This has come up a handful of times on the forum; it's well-understood that folks want this and are aware of the problem, and there's some detailed discussion here: Synthesizing Equatable, Hashable, and Comparable for tuple types
How would this work? Since a nominal type has to have a name, without variadic generics, you'd need a different name for each arity because they have to be distinct types. Would you have Tuple2<A, B>
, Tuple3<A, B, C>
, and so forth?
That's the thing—Array
didn't have Equatable
conformance before conditional conformance. There was no workaround; it implemented the ==
operator but it still could not be used in a context where you needed something that conformed specifically to Equatable
, which is what it sounds like you want here. The way tuples support equality today is effectively already how arrays did it before conditional conformance.

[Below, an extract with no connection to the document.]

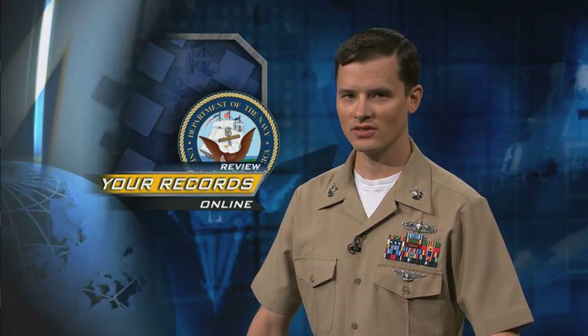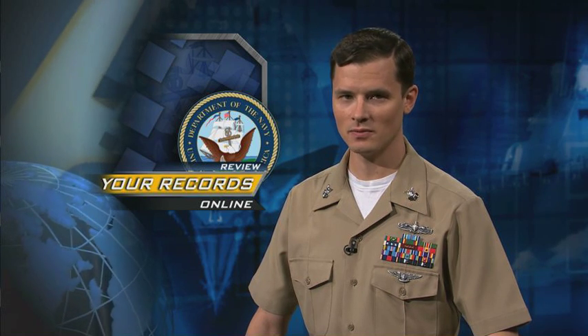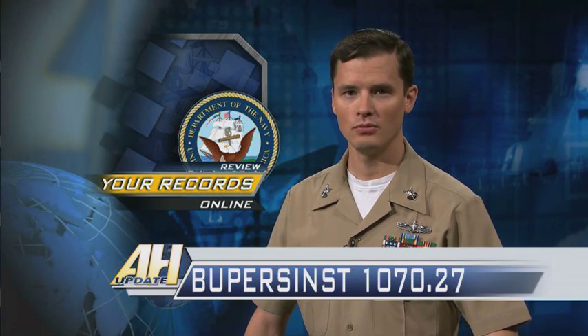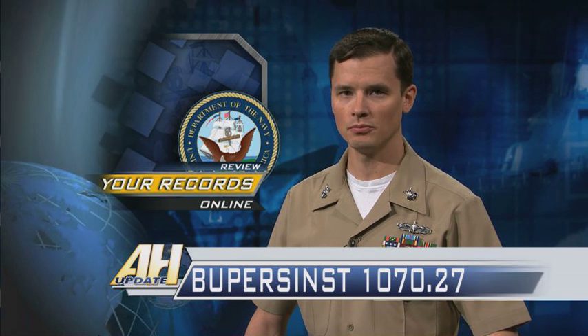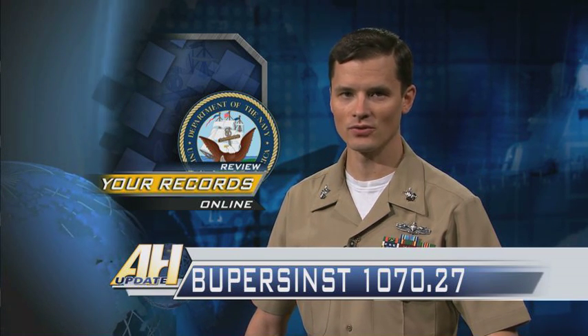Navy Personnel Command wants to remind sailors that it is their responsibility to make sure their Official Military Personnel Files are up to date. The OMPF is the record reviewed by selection boards and is also used to manage assignments, training, advancement, and separation. BUPERS instruction 1070.27 lists all items that should be submitted and how to submit those documents.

There's some debate in the thread I linked about whether making existing non-nominal types like tuples nominal types is the right thing to do. It's also noted in a reply by @Douglas_Gregor that this could be designed and implemented without requiring tuples to become nominal types.
For what it's worth, I did some experimentation a while back in the ProtocolConformance machinery in the compiler to see how much work it would be to fit tuples into the model. It got ugly really fast; that class hierarchy has some pretty strong assumptions that you always have a root nominal conformance that you can work with, and trying to ease that restriction cascaded through a lot of other parts of the implementation. It was unfortunately beyond the knowledge level and bandwidth that I had at the time (and probably have now).
I'd love to see someone figure out how to make it work, though. Fewer special cases in the language == better.